Recovery support premium gift certificates were issued after the disaster to stimulate locals’ purchasing power, 30,000 gift certificate sets with a 10 percent premium rate (worth a total of 300 million yen) were issued. These sold out in two hours, which was indicative of the high level of local interest. Subsequently, we boosted the issue to 600 million yen, and participating entities have also increased to more than 500 stores.

(5) Maximum use of Yae no Sakura

In 2013, NHK’s annual, year-long historical fiction television series (known as ‘Taiga dorama’) will be Yae no Sakura, which is set in Aizu. The heroine of the series is the ‘handsome woman’ Yae Niijima, whose strength and beauty saw her through the turbulent final days of the Tokugawa shogunate to open the way into a new age in the Meiji period.

The “Handsome Woman Yae Niijima and the Aizu Expo” exhibition has been underway since 2012 as a pre-event, and the first episode of the series will air on 6 January 2013. On 12 January, we will open the Taiga Dorama Hall, featuring costumes, sets and other items used in the program, with the aim of spreading the ‘Taiga drama’ effect throughout Aizu and Fukushima Prefecture as a whole.

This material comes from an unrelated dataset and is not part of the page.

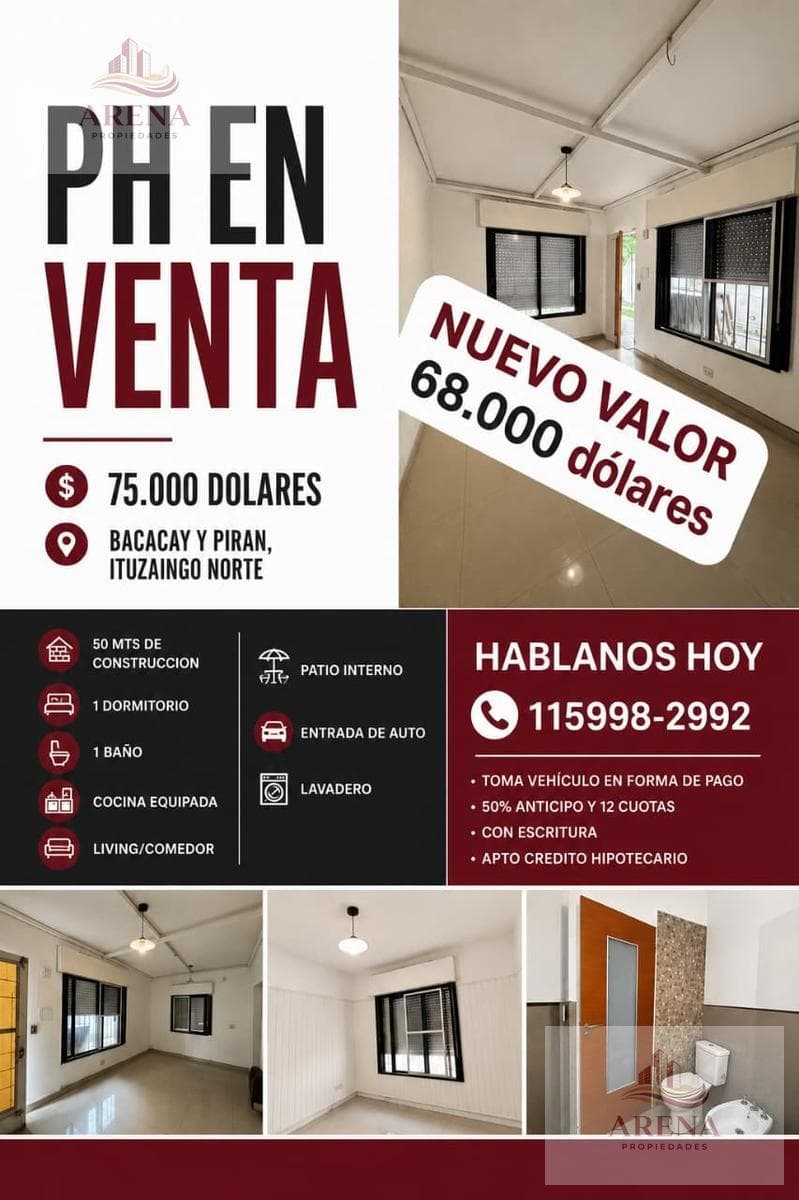 2-Room Apartment for Sale in Ituzaingó Norte—Eligible for Financing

Press briefing (photo courtesy of NHK)

Press briefing (photo courtesy of NHK)

We continue to receive messages of encouragement and support from many towns that have connections with Aizuwakamatsu City. These towns, with which we have deep personnel and historical ties, continue to convey special messages to Aizu through the ‘Aizu samurai spirit’.

Not least to repay all those kind thoughts, Aizuwakamatsu City will continue to exert its utmost efforts to wipe away rumor damage. We warmly invite you to visit Aizu next year to enjoy the deepening ‘Taiga drama’ atmosphere and the full blooming of Yae no Sakura.